_What you should do:_ Give every entry again, unchanged, and leave its images out.

Records from a data source:
******

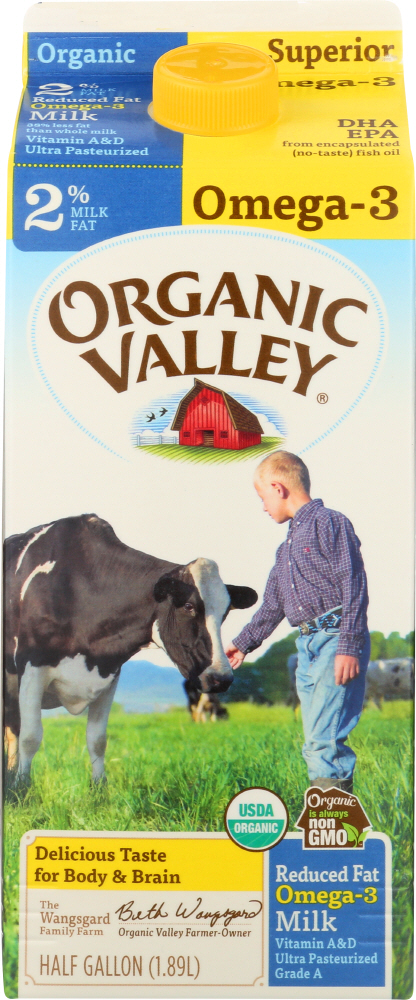 Organic 2% Reduced Fat Omega-3 Milk - organic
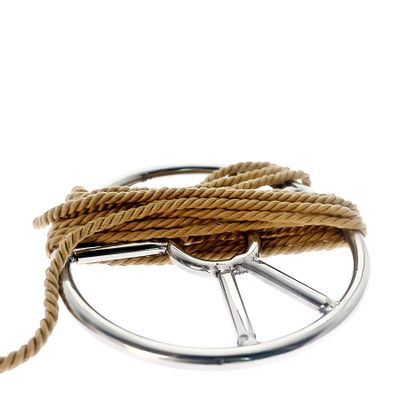 Extrame Restraints Sex Toy Shibari Japanese Rope Bondage Ring Stainless Steel SM Torture Asian Adult Game Tie up Toys MKS-10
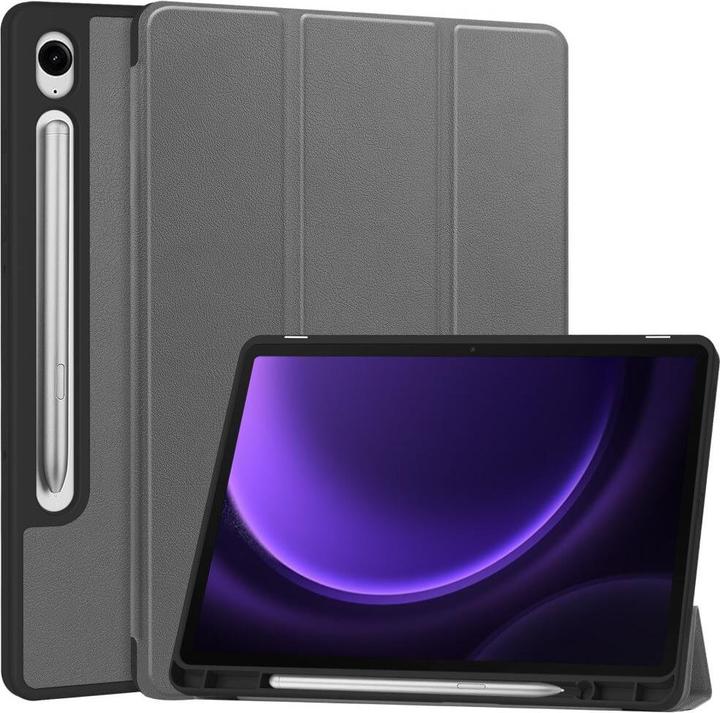 Image du produit Cover-Discount Galaxy Tab S9 / S9 FE - Smart Case silicone gris (Samsung Galaxy Tab S10 FE)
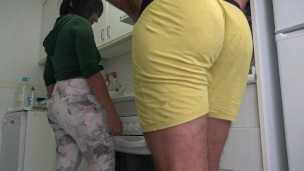 perverted amateur mom lets horny stepson cum in her morning coffee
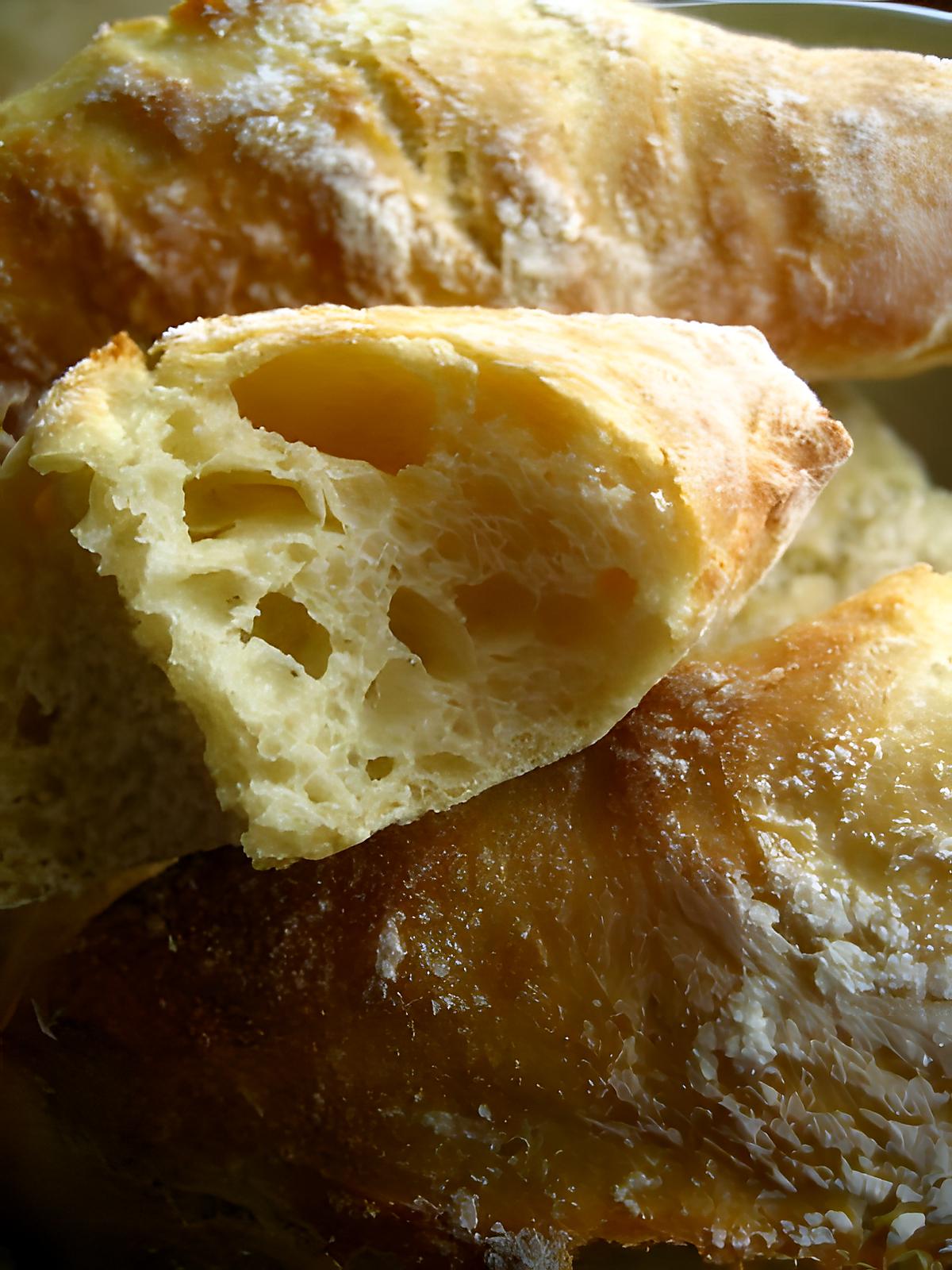 recette Petits pains sans petrissage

******

_Answer to the problem:_
 Organic 2% Reduced Fat Omega-3 Milk - organic
 Extrame Restraints Sex Toy Shibari Japanese Rope Bondage Ring Stainless Steel SM Torture Asian Adult Game Tie up Toys MKS-10
 Image du produit Cover-Discount Galaxy Tab S9 / S9 FE - Smart Case silicone gris (Samsung Galaxy Tab S10 FE)
 perverted amateur mom lets horny stepson cum in her morning coffee
 recette Petits pains sans petrissage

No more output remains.